YOUR TASK:
Print them exactly: the lines from the beginning of the entries below through the line that contains "Грунтовка интерьерная Оптимист", and only those, with the pictures left out.

Data excerpts
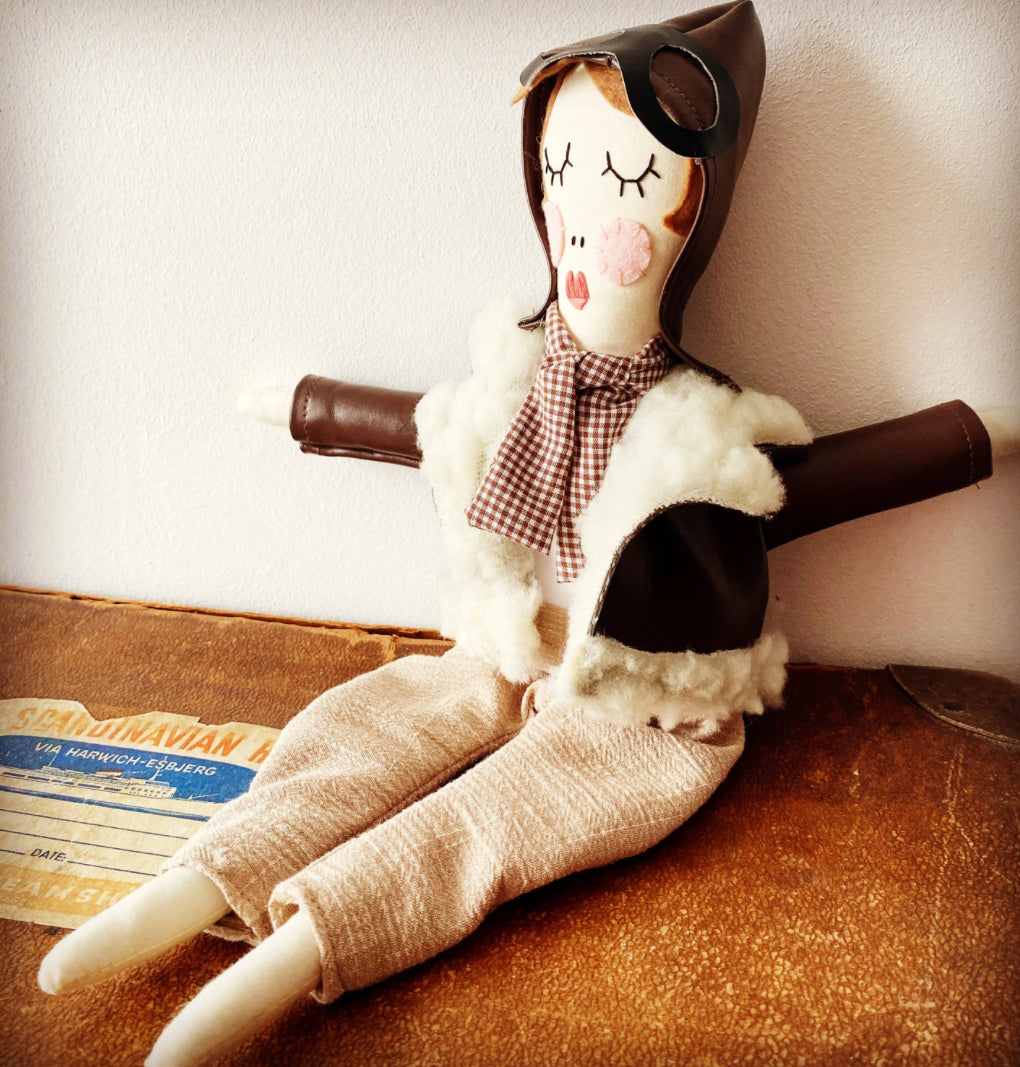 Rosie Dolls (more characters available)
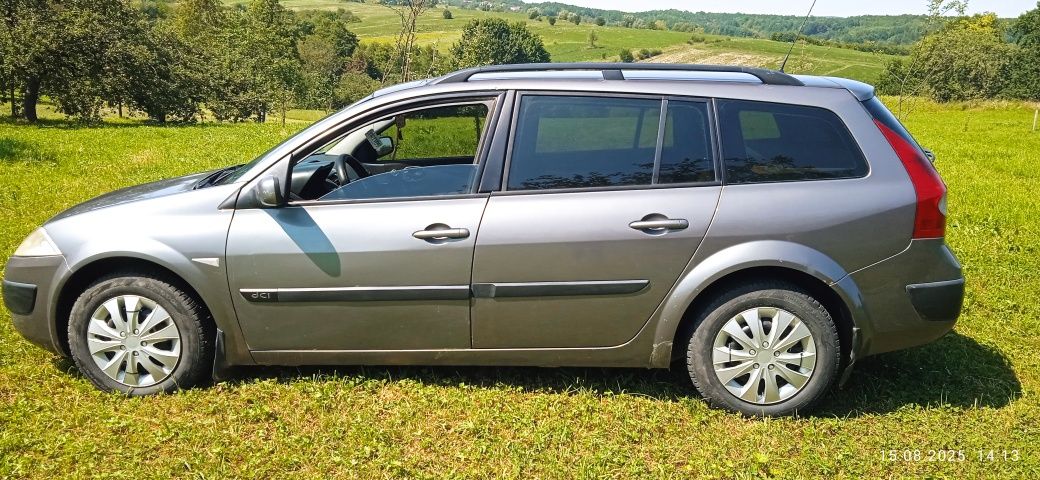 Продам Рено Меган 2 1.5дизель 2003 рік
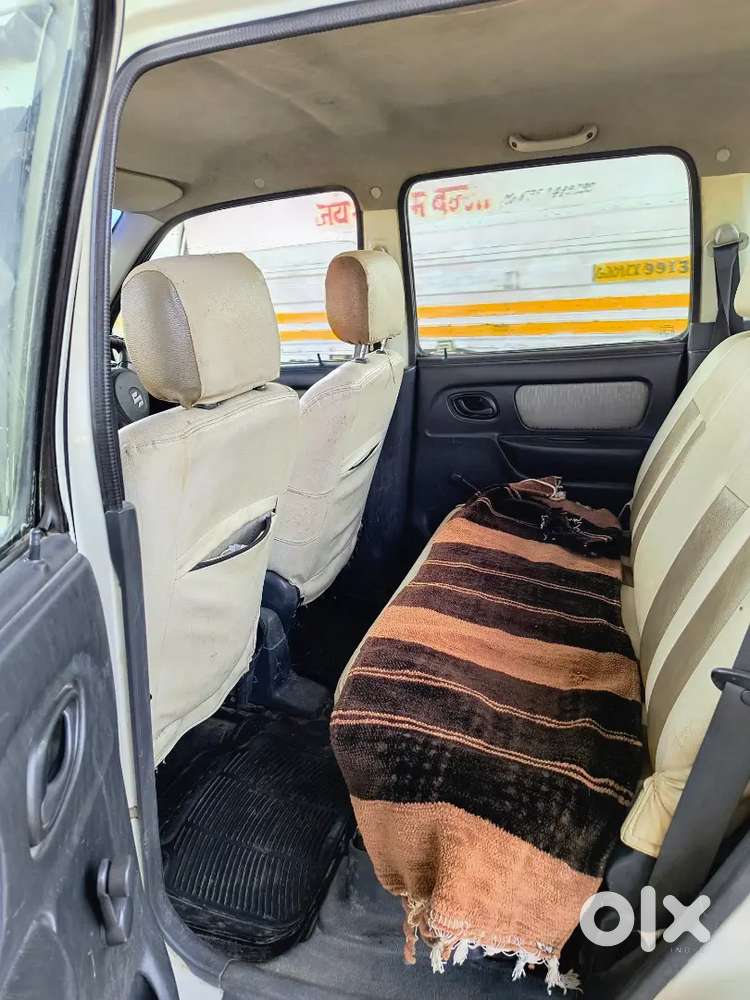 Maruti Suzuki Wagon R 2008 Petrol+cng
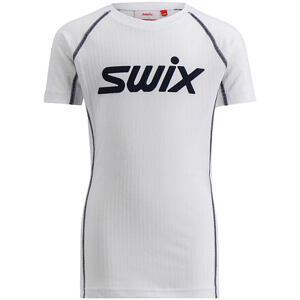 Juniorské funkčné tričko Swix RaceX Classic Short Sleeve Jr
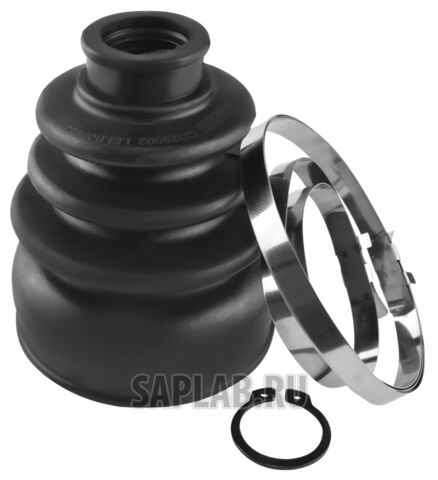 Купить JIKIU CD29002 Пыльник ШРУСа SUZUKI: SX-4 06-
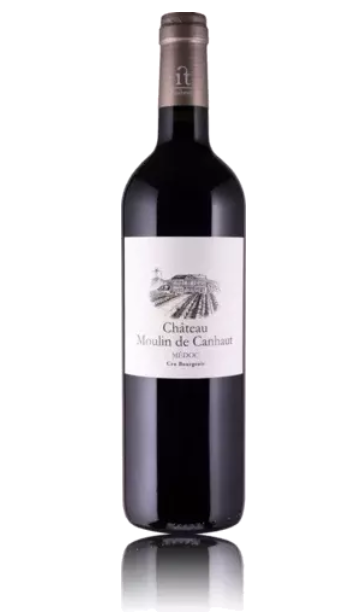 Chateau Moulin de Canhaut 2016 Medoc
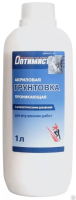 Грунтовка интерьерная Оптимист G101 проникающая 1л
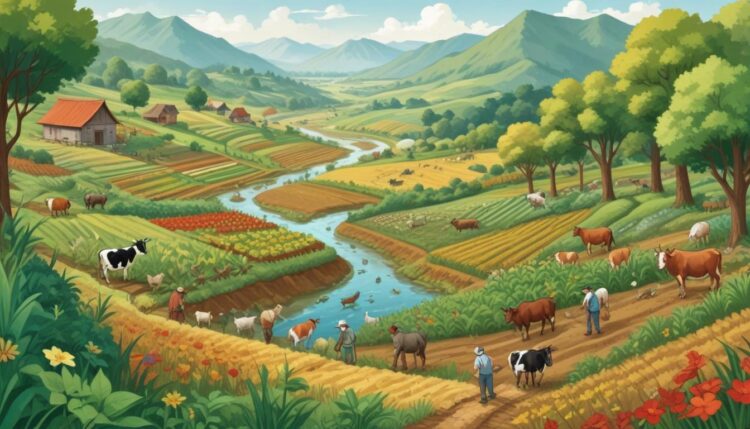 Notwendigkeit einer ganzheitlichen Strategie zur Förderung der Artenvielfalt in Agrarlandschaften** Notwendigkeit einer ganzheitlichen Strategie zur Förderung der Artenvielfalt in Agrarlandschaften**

ANSWER BOX:
 Rosie Dolls (more characters available)
 Продам Рено Меган 2 1.5дизель 2003 рік
 Maruti Suzuki Wagon R 2008 Petrol+cng
 Juniorské funkčné tričko Swix RaceX Classic Short Sleeve Jr
 Купить JIKIU CD29002 Пыльник ШРУСа SUZUKI: SX-4 06-
 Chateau Moulin de Canhaut 2016 Medoc
 Грунтовка интерьерная Оптимист G101 проникающая 1л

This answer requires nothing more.